On April 5 1794, the French revolutionary Jacques Georges Danton went to the guillotine, proof once again that revolutions often consume their heroes. It would not be long before that other revolutionary, Robespierre, would meet a similar fate. And thus we have all the signs yet once more of April quite often getting drenched in the blood of men. In our times, it was Pakistan's Zulfikar Ali Bhutto who walked, or was carried, to the gallows on April 4 1979. It was a hideous murder, the monstrosity of a questionable judgement brought about in deference to the wishes of a pitiless military dictator. Eleven years previously, on April 4 1968, Martin Luther King, Jr., died from a sniper's bullet in the United States.
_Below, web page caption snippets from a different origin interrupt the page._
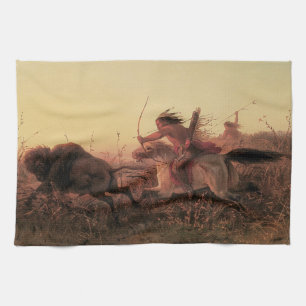 Vintage West, Indian Buffalo Hunt by Charles Wimar Tea Towel
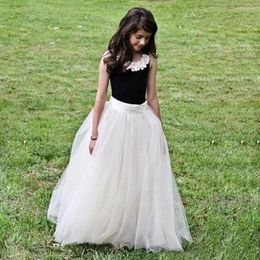 Girl Dresses Flower Girls Kids Formal Wear Birthday Christmas Wedding Party Events Pageant Two Pieces Hand Made Flowers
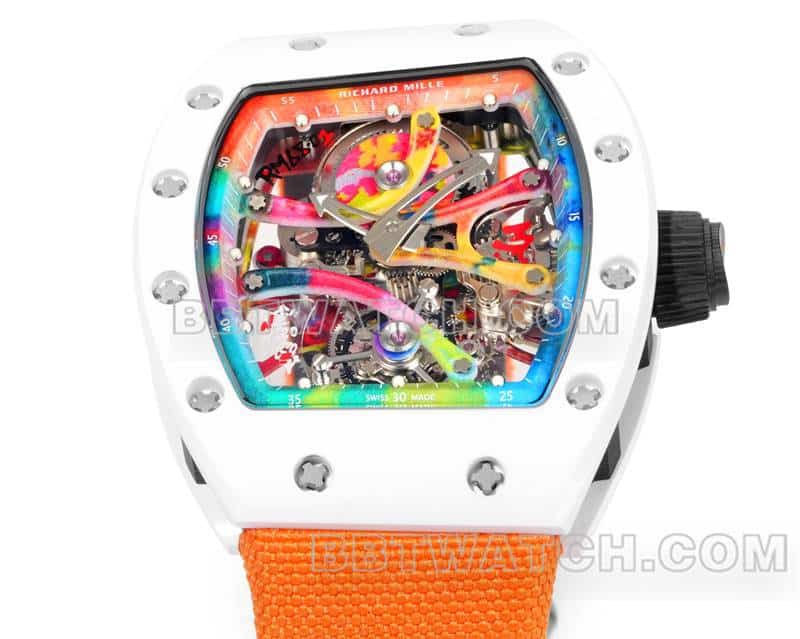 Richard Mille men's top-tier 1:1high-quality graffiti tourbillon orange leather model RM 68-01front live photo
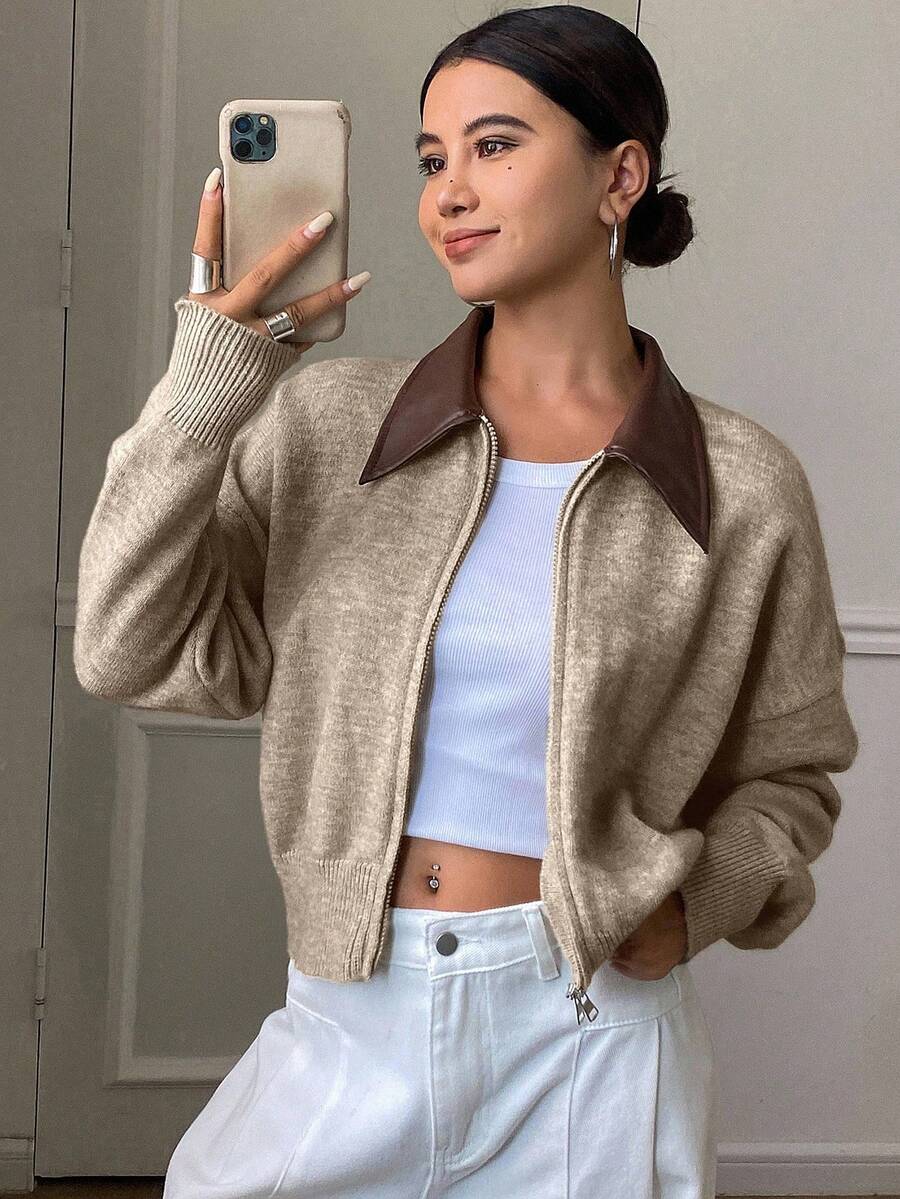 DAZY Contrast Color Collar Loose Long Sleeve Double Zipper Front Cardigan Sweater For Women, Spring Y2k - Khaki - View 1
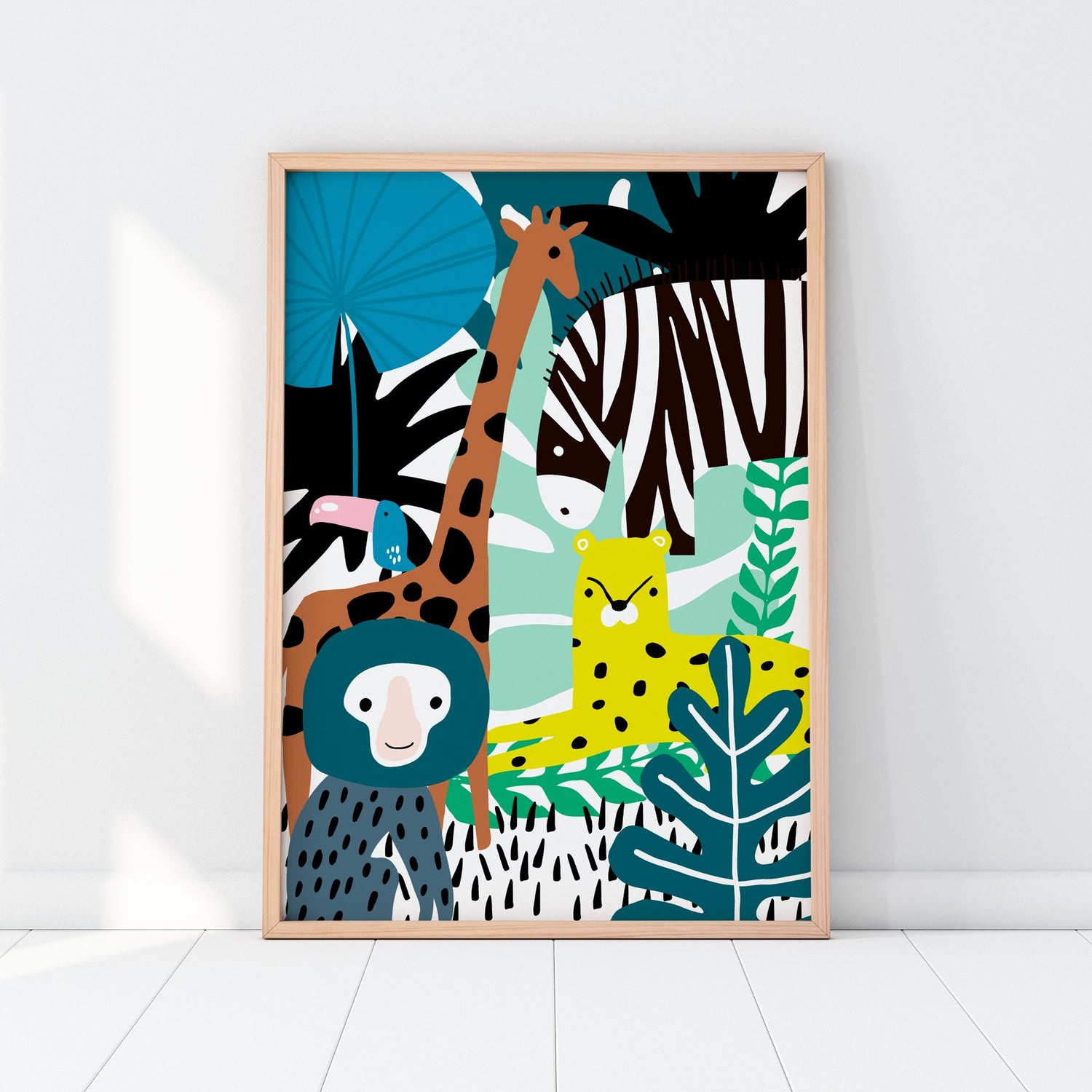 Jungle Animal Collage Print
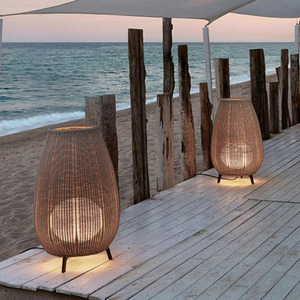 Lampada <span class=keywords><strong>da</strong></span> Terra Moderna per Decorazione di Hotel, Cortili e Ristoranti, LED Impermeabile IP54, Lampada <span class=keywords><strong>da</strong></span> <span class=keywords><strong>Giardino</strong></span> in Rattan per Esterni - Product Image 2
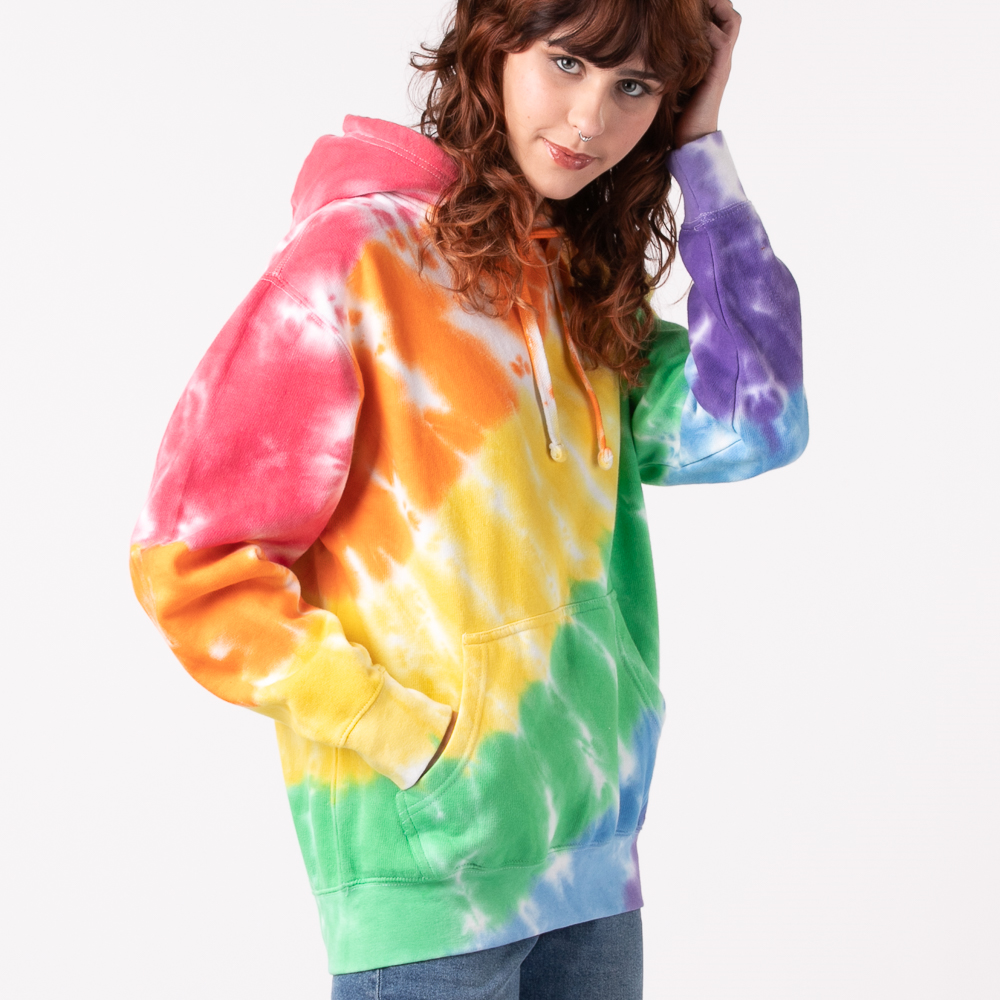 Womens Sideways Rainbow Hoodie - Multicolor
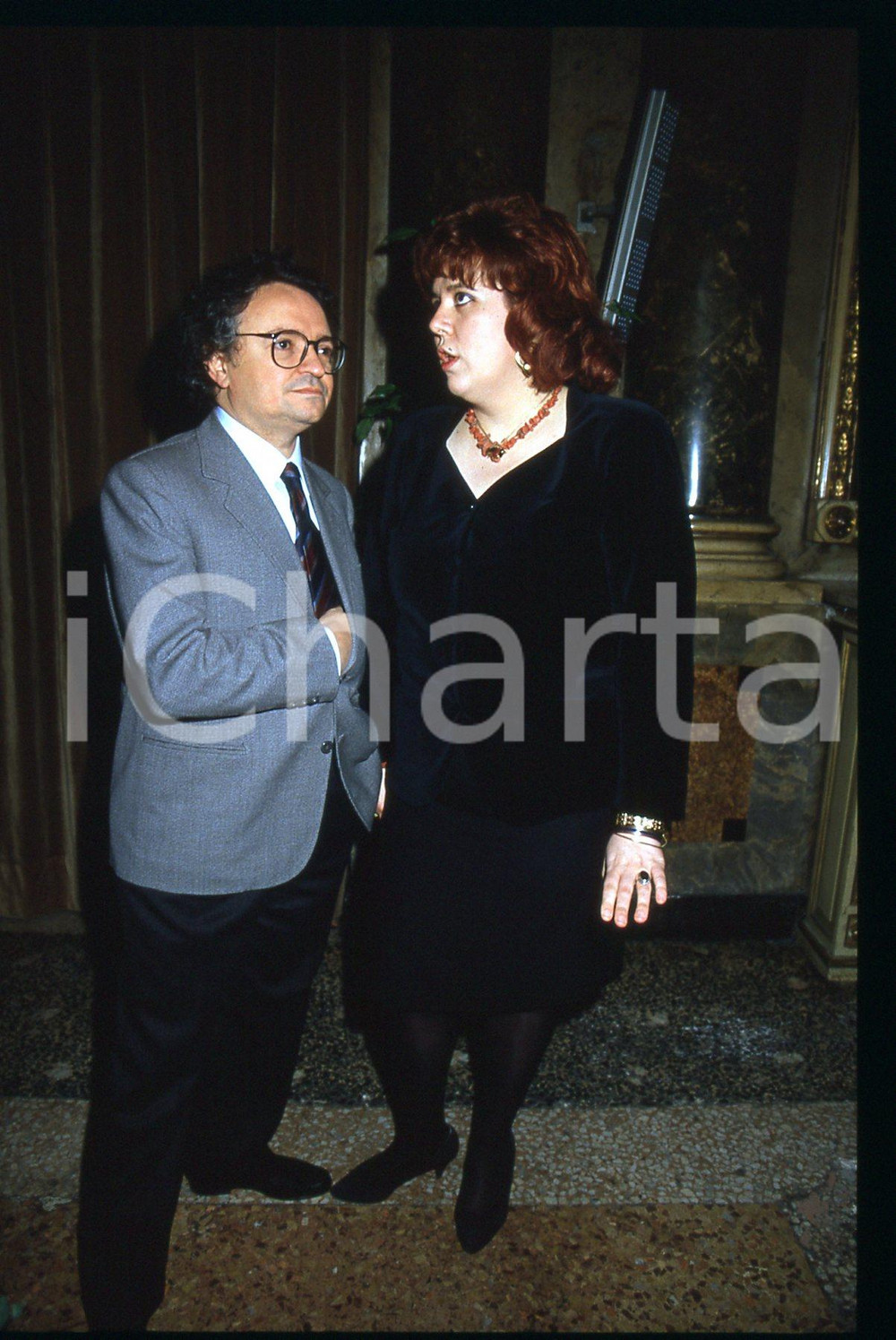 Fotografia d epoca originale 1990 ca MILANO  Daniela FERRÈ e Attilio SCHEMMARI PSI 35mm VINTAGE SLIDE 1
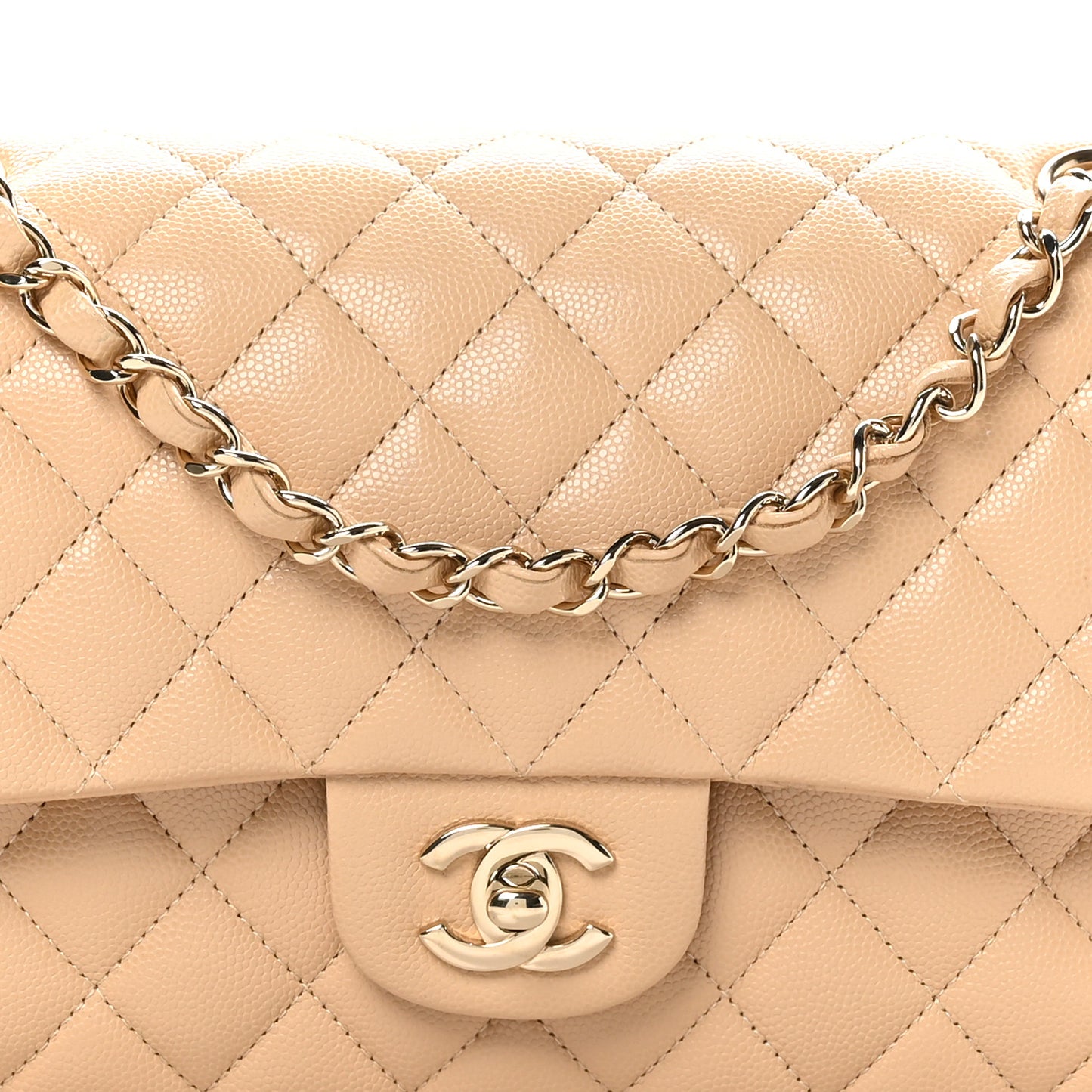 Caviar Quilted Medium Double Flap Light Beige
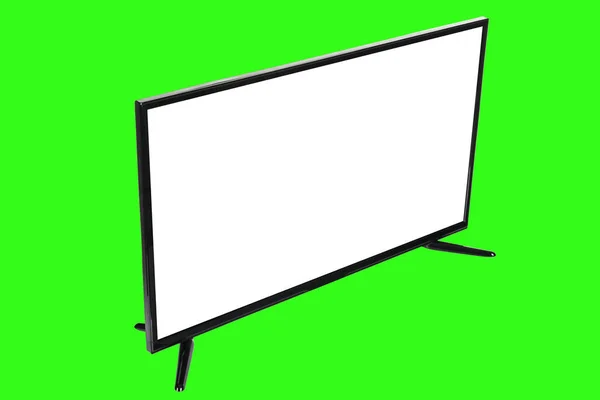 Modern high definition TV. LCD flat monitor with blank white screen, isolated on abstract blurred green chromakey background. Technology and 4k television advertising concept. Detailed studio closeup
It was an imperfect end to a perfect life, for King had symbolised the essential goodness which lay in the soul of man. His non-violence, definitely an improvement on the tactics employed by Gandhi in his time, remains a lesson from which other men continue to draw inspiration.

Sudden, swift death has come too to the brigands who have sometimes sought to commandeer history. On April 28 1945, the newly deposed Benito Mussolini was lynched, together with his mistress Claretta Petacci, by communist partisans near Lake Como. Two days later, on April 30, Adolph Hitler, in company with his mistress-turned-wife Eva Braun, committed suicide at the end of what had increasingly turned out to be a disastrous war against Allied forces. In the same month, on April 12, Franklin Delano Roosevelt, in his fourth term as President of the United States, passed away and was replaced by Harry Truman. And Truman would be the man to bomb Hiroshima and Nagasaki, leaving tens of thousands dead and tens of thousands of others, as also their unborn children, maimed.

William Shakespeare, as history informs us, was born on April 23 1564. He died on the same day, in 1616. Miguel Cervantes too died on the day Britain's greatest playwright breathed his last. On April 23 1850, the Romantic poet William Wordsworth saw life ebbing out of him at Grasmere. And tragedy hit the British ocean liner Titanic on its maiden voyage on April 15 1912. The English writer Thomas Chatterton committed suicide on April 24 1770.

Afghanistan took a turn for the better when its communists, led by Nur Mohammad Taraki, ousted President Daoud in April 1978 and inaugurated what came to be known as the Saur Revolution. In April 1974, Pakistan's first military dictator Ayub Khan died in quiet retirement.

But let us round it off in poetic pronouncement. 'Men are April when they woo, December when they wed'. Warts and all, then, April remains a symbol of beauty and of love, in the otherwise dark, contorted passages of our souls.